**WORK ORDER:** Without the pictures, repeat the listing character for character.

**AVAILABLE DATA:**
• • • •

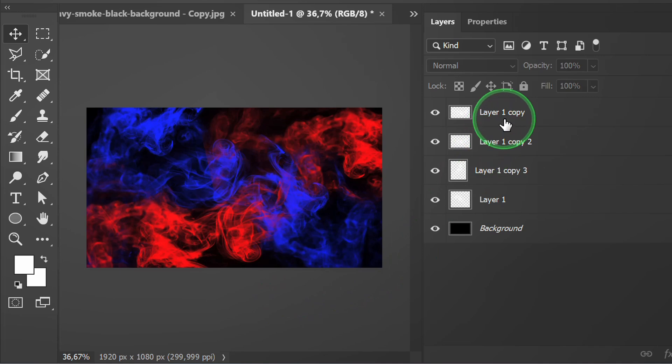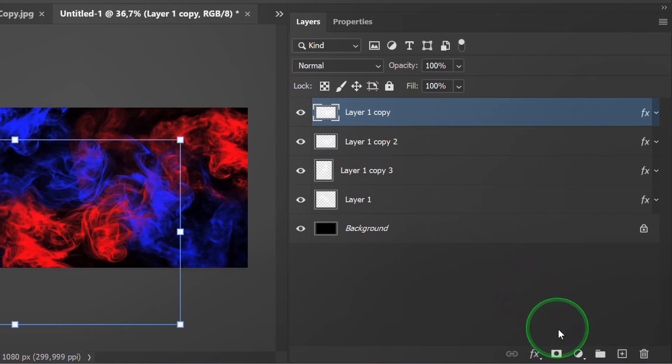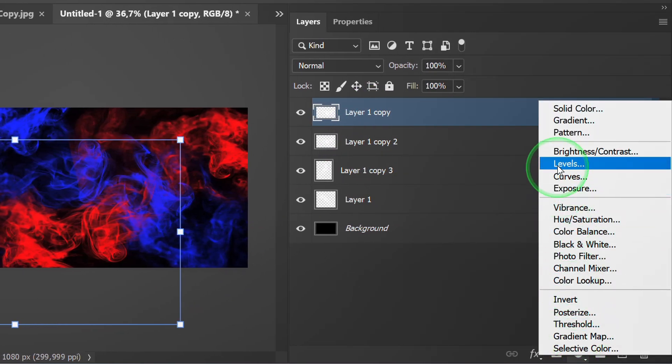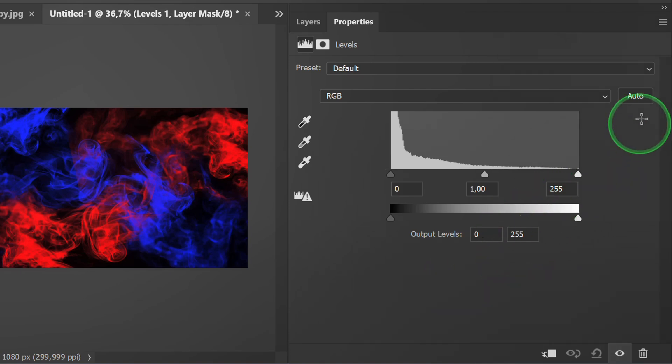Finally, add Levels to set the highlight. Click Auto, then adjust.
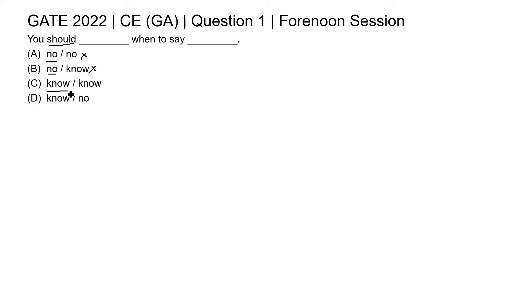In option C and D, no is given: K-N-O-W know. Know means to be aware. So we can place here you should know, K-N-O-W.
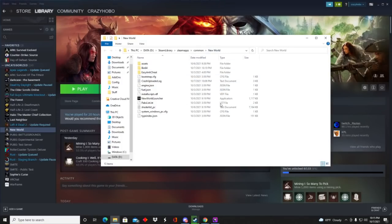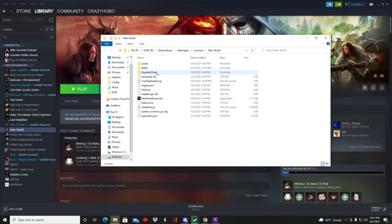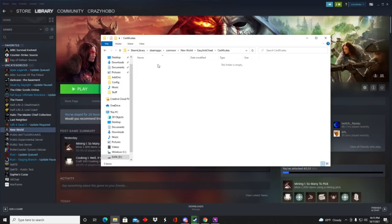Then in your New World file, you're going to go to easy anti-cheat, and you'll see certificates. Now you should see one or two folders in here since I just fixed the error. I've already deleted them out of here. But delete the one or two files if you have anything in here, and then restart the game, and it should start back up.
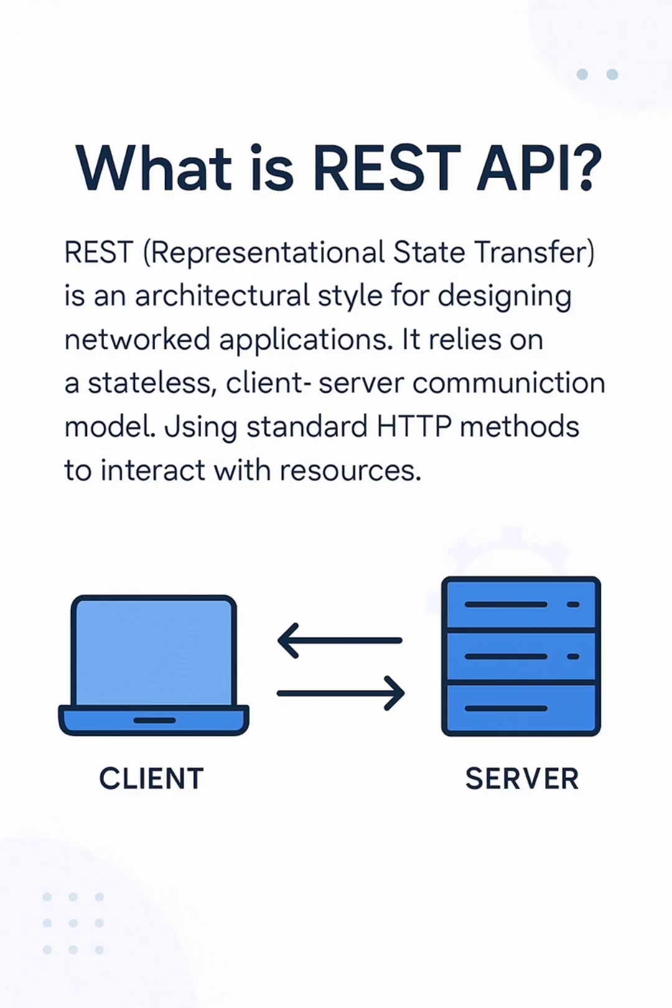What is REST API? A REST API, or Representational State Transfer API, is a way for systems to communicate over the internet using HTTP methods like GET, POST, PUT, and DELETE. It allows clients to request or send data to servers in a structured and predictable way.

• • • •

**RESPONSE TO THIS TASK:**
Finally, add Levels to set the highlight. Click Auto, then adjust.
In option C and D, no is given: K-N-O-W know. Know means to be aware. So we can place here you should know, K-N-O-W.
Then in your New World file, you're going to go to easy anti-cheat, and you'll see certificates. Now you should see one or two folders in here since I just fixed the error. I've already deleted them out of here. But delete the one or two files if you have anything in here, and then restart the game, and it should start back up.
What is REST API? A REST API, or Representational State Transfer API, is a way for systems to communicate over the internet using HTTP methods like GET, POST, PUT, and DELETE. It allows clients to request or send data to servers in a structured and predictable way.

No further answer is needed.